By Forrest W. Anderson
Do you work with management to develop a set of messages and then develop various media campaigns to get that message out? Do you then follow up with media analysis to determine whether those messages appeared in the coverage you generated?
If so, good for you! You are doing a lot of things right.
But before you send these messages out, do you test them to determine whether your target audiences understand them? Do you find out if your target audiences find them persuasive?
I am astounded by how infrequently we in PR test our messages. Our colleagues in advertising have been doing this for years. They do research to understand what is likely to encourage a customer to use the product they represent, develop a set of messages and then test those messages to see which work best. Sometimes they do this in the context of an entire advertisement.
The most frequent argument I get when I recommend testing messages is:
“We know what the message should be.”
However, I fear what these practitioners really know is what their internal or external client wants the message to be, or what they themselves think it should be. And unless the target audience is PR people working on this business, they almost certainly do not know what the message should be. They only think they know.

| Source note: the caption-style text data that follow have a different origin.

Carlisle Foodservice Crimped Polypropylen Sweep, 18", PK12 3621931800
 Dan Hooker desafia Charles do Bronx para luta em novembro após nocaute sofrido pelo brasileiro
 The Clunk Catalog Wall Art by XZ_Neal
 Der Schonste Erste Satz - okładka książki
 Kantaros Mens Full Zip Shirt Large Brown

To find out whether you have the right message, you should consider the initial messages you develop as hypothetically being the most effective to encourage the target to act in a way that will help the organization achieve its goals.
Then you should test the message.
There are a number of ways to do this. In public relations, it frequently is useful to be able to modify messages as we test them. This enables us to build the strongest ones possible. I have done this in one-on-one interviews as well as focus groups. The one-on-one interviews are probably better, if the message is pretty far along. However, if your message is in an earlier stage of development, focus groups can be very useful for getting ideas and language out on the table.
Many practitioners object that their client doesn’t have money for focus groups and interviews. Perhaps. But do they have money to throw away on a campaign that will not achieve any business goals because the message has no effect or even an undesirable effect on the target?
There are less expensive ways to at least get a reality check on a message. You might limit your interviews to about ten qualified prospects. If even that seems too much, you might approach ten customers and ask them what they think of the message. This second approach may not be the best, because customers already have an experience with the product and this might change how they perceive the message. Still, it is better than nothing.
What you should not do is talk to one or two potential or current customers. One of the challenges with most research is that we try to understand or predict the behavior of a population of people from the responses of a sample of that population. If these one or two people do not represent the entire population, you could get a misleading reading. If, on the other hand, you talk to ten people, and they tend to be saying the same thing, it is a reasonable indication that you are getting a reliable read. If all ten say something different, you need either to do more interviews until you start to get a consensus, or go back to the drawing board to develop another message.
In our day to day work with our clients, whether we work in agencies or as consultants inside organizations, it is very easy to be driven by client requests to produce copy and materials. But as professionals, we owe it to our clients to make sure our efforts will help the organization achieve its business goals.
Testing messages is one way to ensure this is what we are doing.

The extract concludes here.